I’m still very primitive and have it all set up through my regular computer. I have the external hard drives connected to it that it pulls from. It is not shared outside of the home, so with only one device using it at a time, it does not bog down the machine. I’m not using the computer for much else lately. If you are only looking into using it for stuff like Rifftrax or even your MST3K content, you can probably fit all of that on a small hard drive you may already have and use it. It would just need to be attached to the computer. I’ll probably look into a stand alone system sometime, but this has worked so far for my needs.
I store my video files on an external (non-networked HDD), with the Plex server running on my laptop and sending to a Fire TV Stick.

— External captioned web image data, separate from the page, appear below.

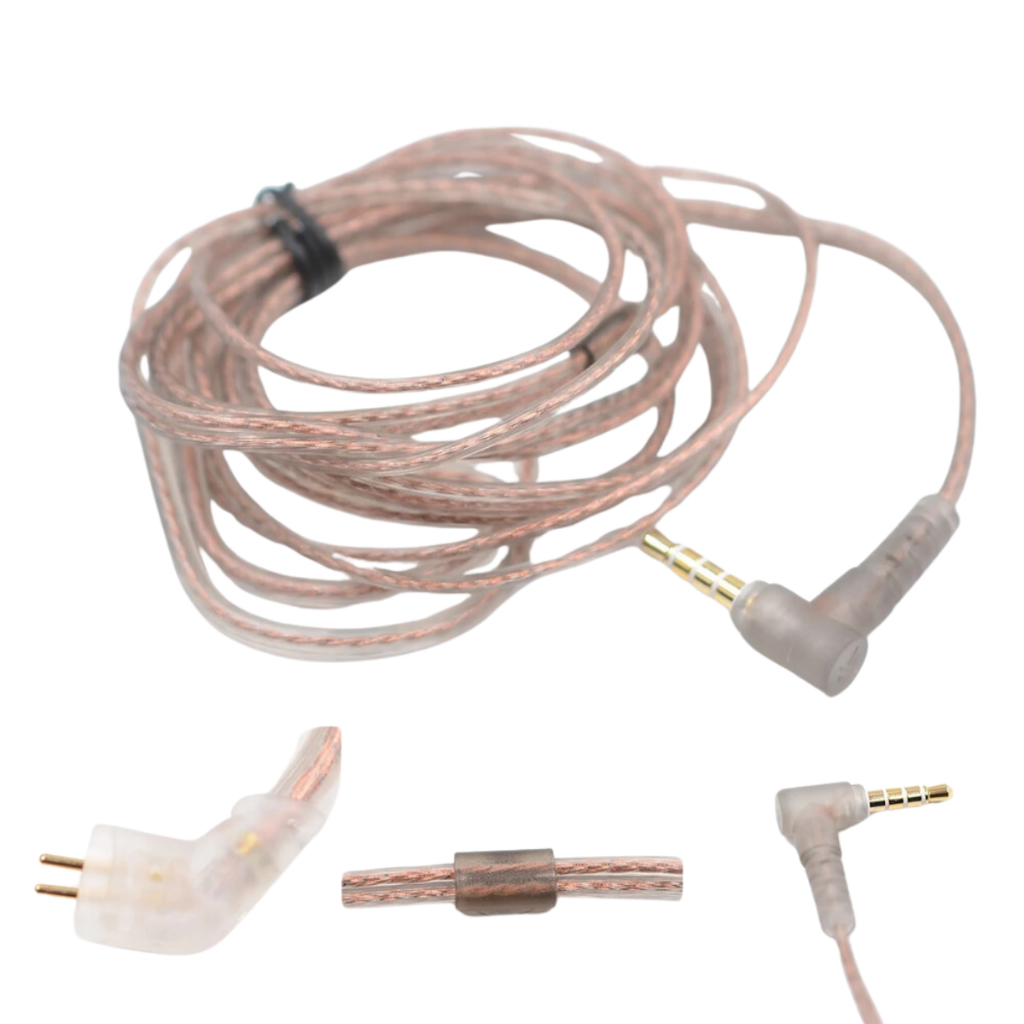 Cabo Kz Tipo C Sem Mic Para Fones Zs10 Pro Zsn Pro Zsn Asx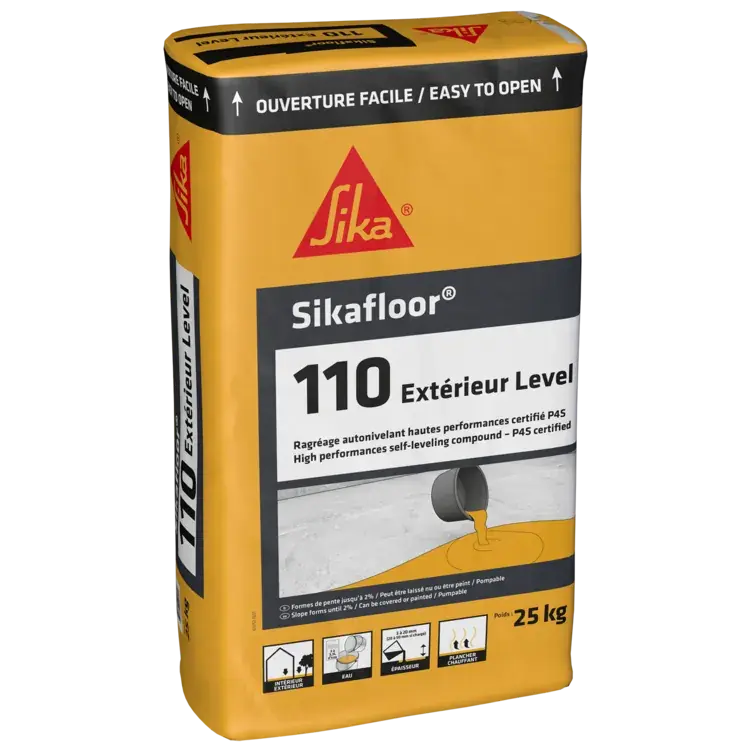 Offre Du Jour MORTIER SIKAFLOOR 110 EXTERIEUR LEVEL GRIS 25KG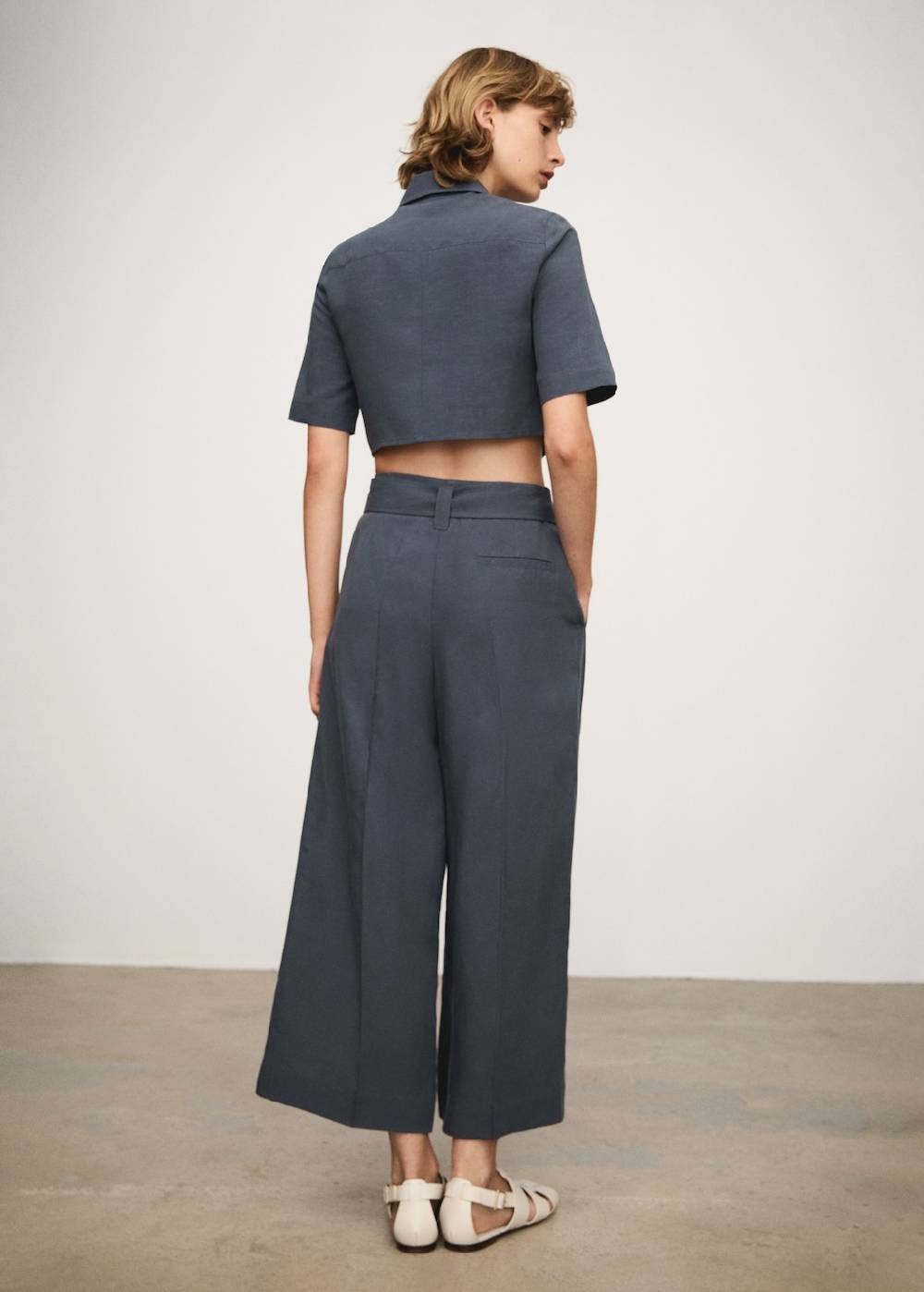 Mango Lyocell-Hose mit Gürtel VIP-Rabatte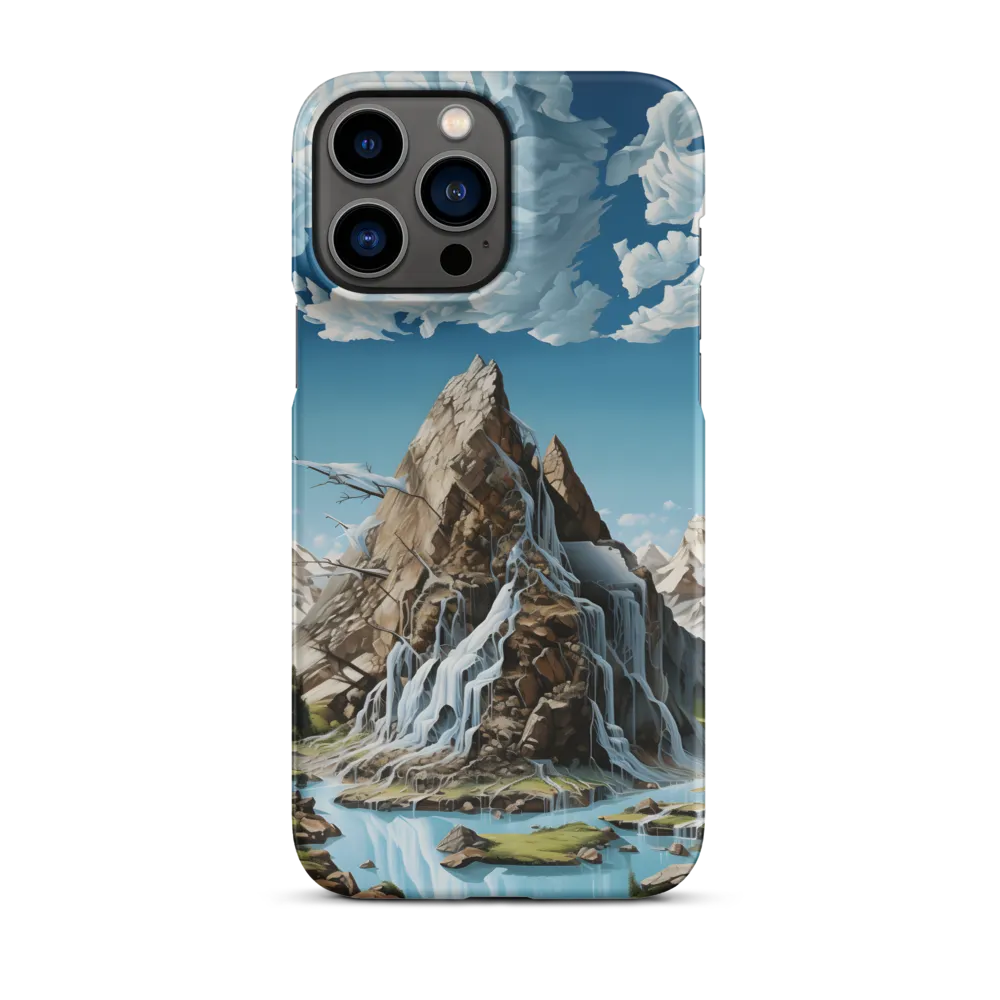 Majestic Cascade: A Mountain Masterpiece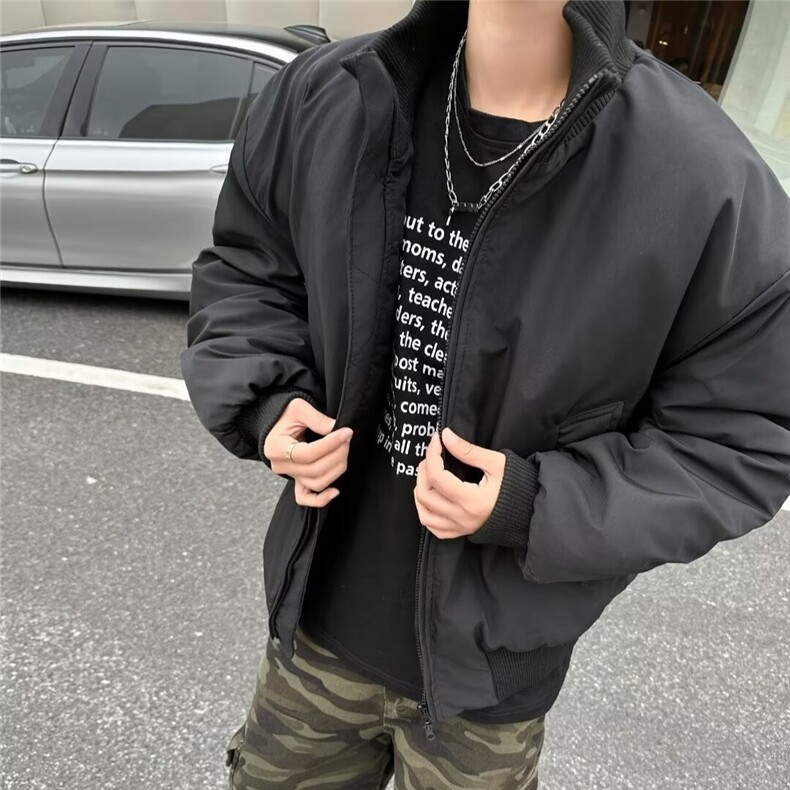 美式复古百搭外套男秋冬小众潮牌设计感痞帅夹克棉服潮MF293-P100,男装夹克,星座412-2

One extra step for me is that I use Foobar2000 to edit metadata, apply Replaygain and embed cover art before moving the file to my hard drive.
You guys are all a lot less lazy than I am.
Actually, this allows me to be extra lazy! Now I can watch shows without having to get up and change the discs. LOL!
One thing with PLEX, it uses an API to organise itself (for TV shows, that TVDb) So you have to follow their naming conventions if you want your files to parse correctly.
I’m not, but my husband/tech support might be
It’s like I’m back in Junior High, sitting in French class and having no idea what anyone is saying.
I have my laptop and my TV and BD player and stream or watch discs through those. I have some downloads on flashdrives, but I hardly rewatch anything on them, so, I’m even more primitive.
(I don’t do games, just movies and music.)
Definitely a main goal was not having to change discs, but what started it for me was getting the Ultimate MST3K digital collection (and the rest). I had a hard drive with my Rifftrax in it hanging off the TV and put all the MST3K in it too. Trying to maneuver the lists with the TV’s remote and USB screen was ridiculous. This is much improved.
The convenience is nice (and that I can watch my stuff from anywhere is an extra bonus). Also the fact the discs can deteriorate over time was a factor. I wanted to make sure I had that content even if the discs ever started to go.
You do have to learn how to name files for Plex to play nice.
But it works so much smoother than when I first started using it, when it could be pretty frustrating.
My problem is, I had everything named and then something happened with their database or API that none of that naming works now. As long as I don’t have to change anything, the older shows still work, but if I ever have to rebuild that system, it will hurt. I have over 200 TV shows on my PLEX, so that’s thousands of episodes I’d have to fix.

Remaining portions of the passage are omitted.